USA Today carries a piece that suggests that booking mistake fares used to be considered morally wrong, but that airlines stick it to us so badly that people no longer have an ethical problem with it.
So, are customers who book mistake fares stealing? When I began investigating mistake fares a decade ago, there was a strong consensus among most passengers. It was wrong, no question about it. Only a small, vocal group of loyalty-program bloggers disagreed, but their views were far outside the mainstream.

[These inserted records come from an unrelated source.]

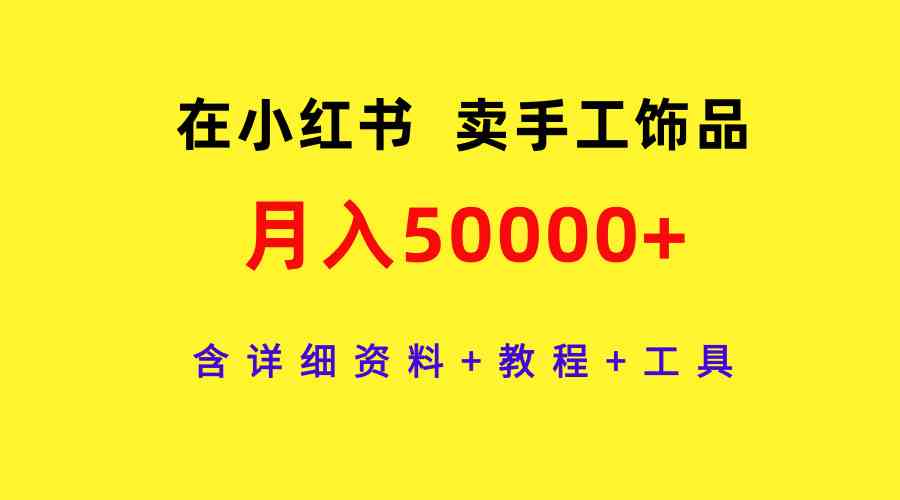 （9585期）在小红书卖手工饰品，月入50000+，含详细资料+教程+工具-云动网创-专注网络创业项目推广与实战，致力于打造一个高质量的网络创业搞钱圈子。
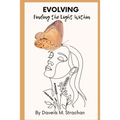 Evolving: Finding the Light Within
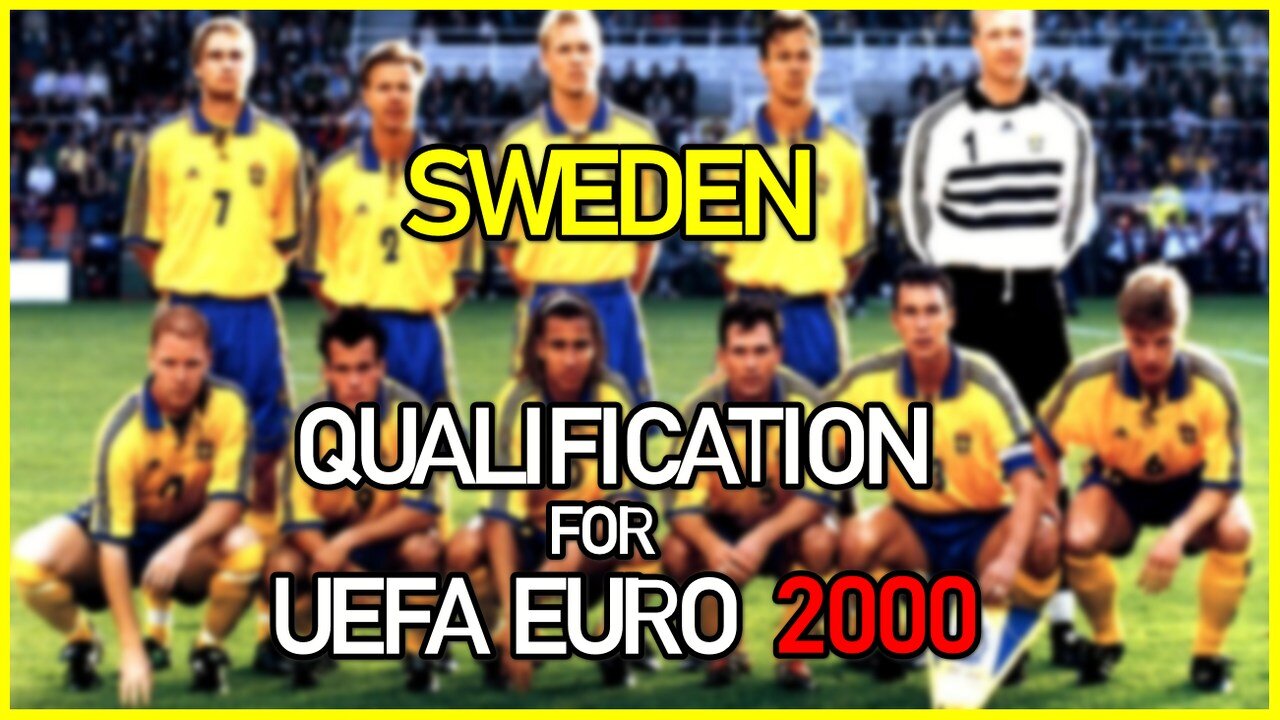 Sweden - Qualification for UEFA EURO 2000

Not anymore. A short decade of cuts and consolidations have made even the occasional traveler aware of the draconian airline policies, including onerous change fees, ticket restrictions and other “ancillary” charges meant to line the pockets of airline shareholders. Airlines have developed technology to extract every last penny from passengers. And, predictably, the tide of public opinion turned.
Now it’s a Christopher Elliott piece, and (though no doubt he’d deny it) ‘a decade ago’ there weren’t many ‘loyalty program bloggers’ and certainly not many writing about mistake fares. So by process of elimination he must be referring to me.
But Elliott is almost certainly 100% wrong here.
First, because consumer satisfaction with airlines is no lower today than it was 20 years ago. (The idea that airlines used to be popular, especially when the standard is ‘a decade ago’ does seem implausible even without reference to actual data.)
And second because the public used to have sympathy for consumers that booked mistake fares. They no longer do. When airlines would cancel mistake fares, bad publicity ensued.
Indeed, it used to be considered a moral issue, and so United put themselves on the side of the consumer.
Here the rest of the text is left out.